- [Your objective]: Leave the pictures out. Retype exactly the lines below from the one containing "Charles Bukowski Quotes: I" through the one containing "MEB'DEN DEVAMSIZLIKLA İLGİLİ YENİ KARAR!", and no others.
[[ Information provided open ]]
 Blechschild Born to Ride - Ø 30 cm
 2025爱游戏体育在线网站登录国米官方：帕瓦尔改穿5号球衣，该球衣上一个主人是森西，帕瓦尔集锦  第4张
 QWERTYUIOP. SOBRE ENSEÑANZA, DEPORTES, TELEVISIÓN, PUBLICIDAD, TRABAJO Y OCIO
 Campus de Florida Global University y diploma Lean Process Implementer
[[ Information provided closed ]]
[[ Information provided open ]]
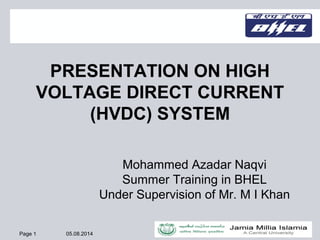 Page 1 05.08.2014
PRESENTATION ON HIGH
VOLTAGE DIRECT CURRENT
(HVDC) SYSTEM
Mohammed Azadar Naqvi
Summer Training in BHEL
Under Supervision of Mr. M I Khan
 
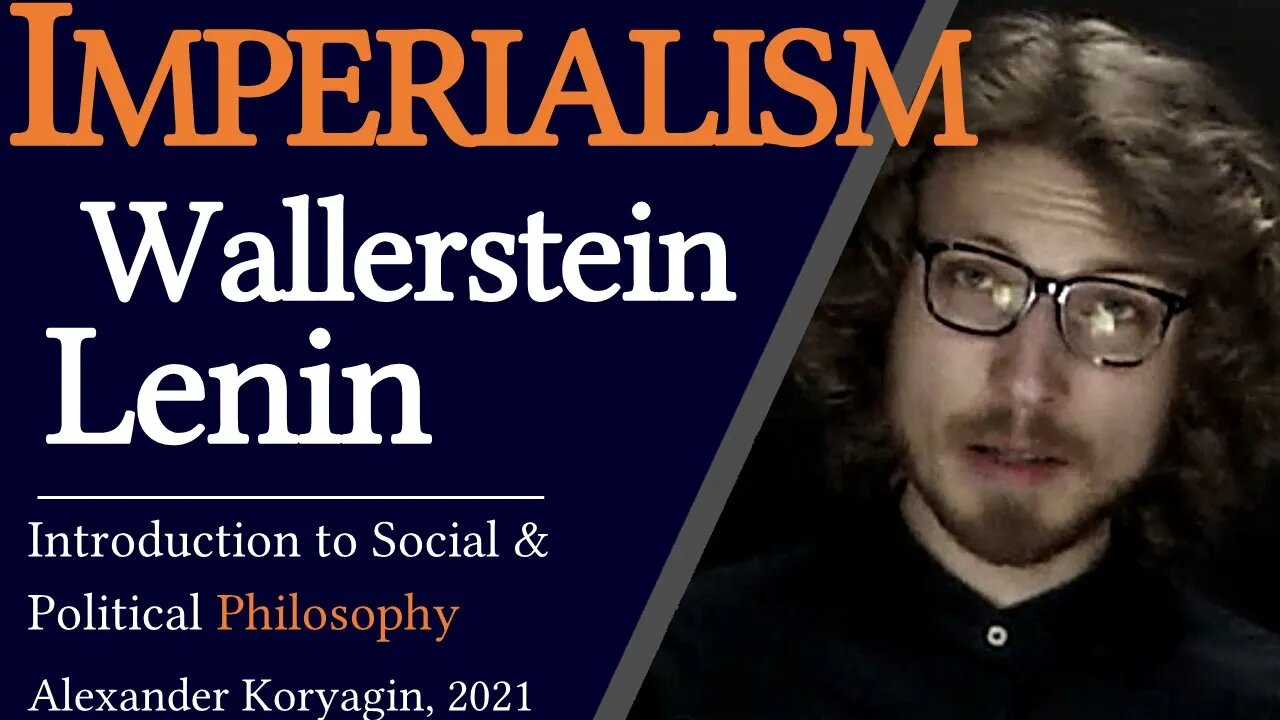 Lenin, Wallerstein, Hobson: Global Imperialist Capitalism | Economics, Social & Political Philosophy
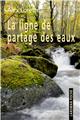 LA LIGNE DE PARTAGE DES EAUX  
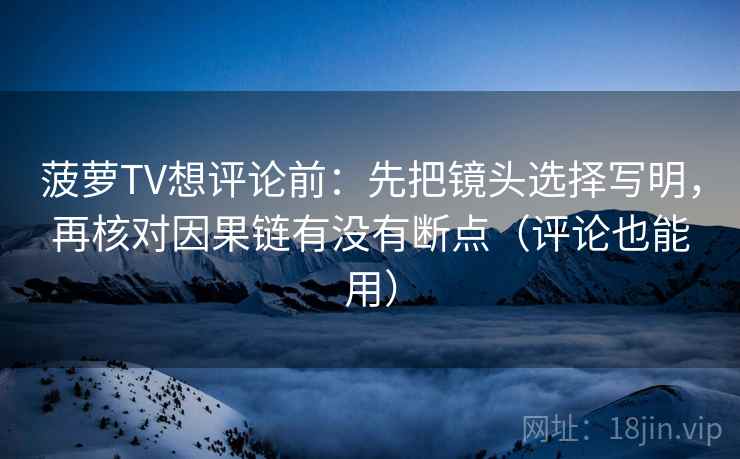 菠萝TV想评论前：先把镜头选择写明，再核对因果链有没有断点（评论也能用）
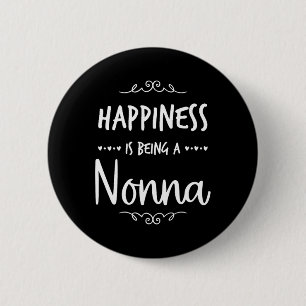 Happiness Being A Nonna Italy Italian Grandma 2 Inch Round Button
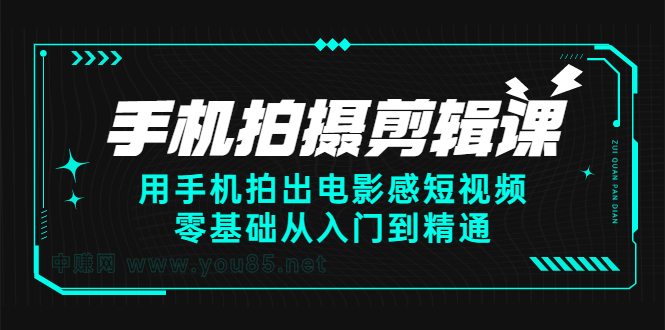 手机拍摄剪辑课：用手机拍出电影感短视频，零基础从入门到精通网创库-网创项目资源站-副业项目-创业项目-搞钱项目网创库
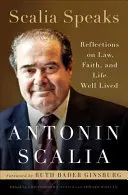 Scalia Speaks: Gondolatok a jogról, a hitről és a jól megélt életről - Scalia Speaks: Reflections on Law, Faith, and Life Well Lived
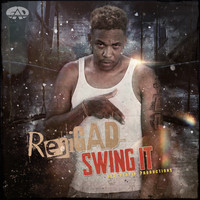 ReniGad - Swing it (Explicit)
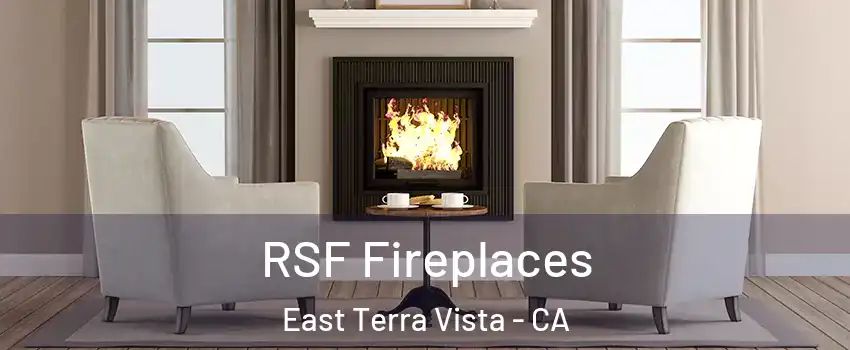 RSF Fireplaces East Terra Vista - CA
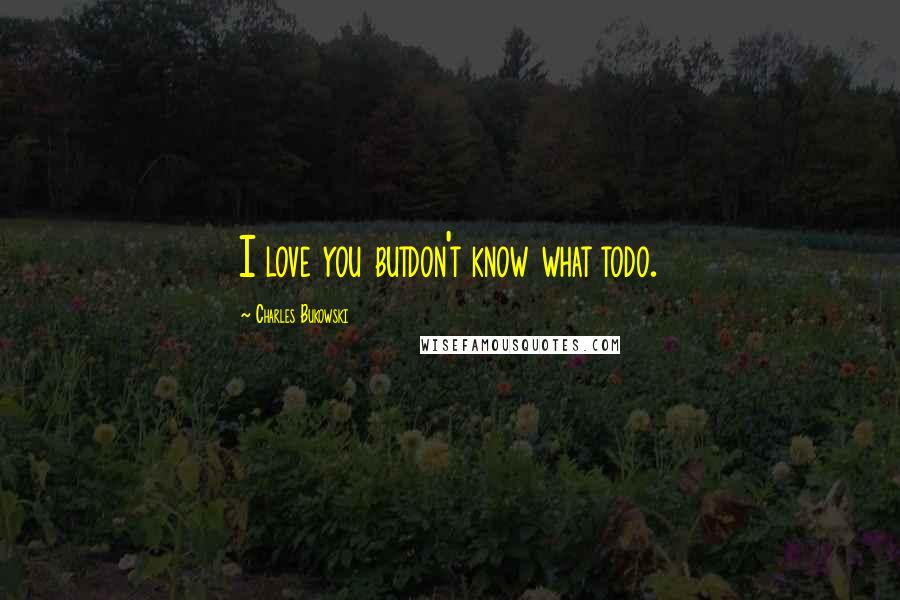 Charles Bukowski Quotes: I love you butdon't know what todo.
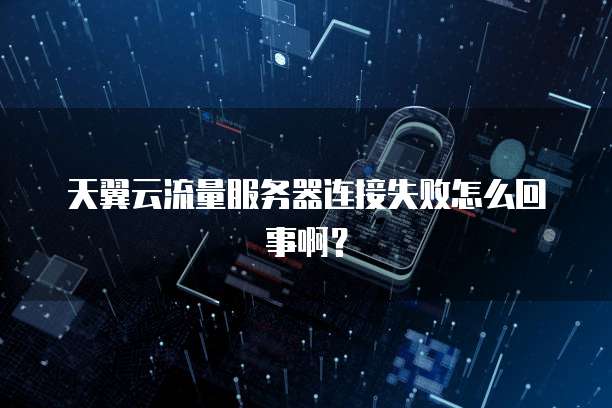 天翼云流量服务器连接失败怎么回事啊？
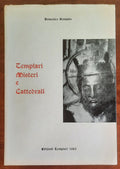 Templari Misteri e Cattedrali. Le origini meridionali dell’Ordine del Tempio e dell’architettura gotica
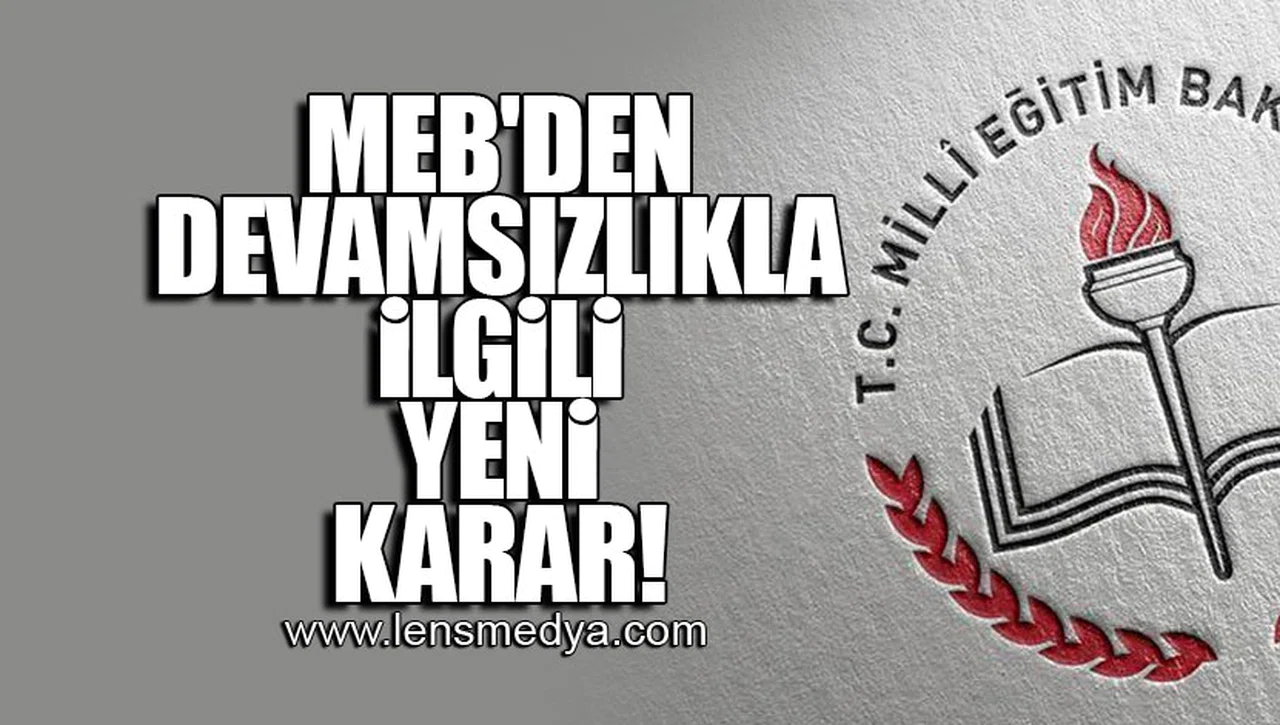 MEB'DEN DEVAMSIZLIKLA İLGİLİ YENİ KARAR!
[[ Information provided closed ]]
- [Completed exercise]:
 Charles Bukowski Quotes: I love you butdon't know what todo.
 天翼云流量服务器连接失败怎么回事啊？
 Templari Misteri e Cattedrali. Le origini meridionali dell’Ordine del Tempio e dell’architettura gotica
 MEB'DEN DEVAMSIZLIKLA İLGİLİ YENİ KARAR!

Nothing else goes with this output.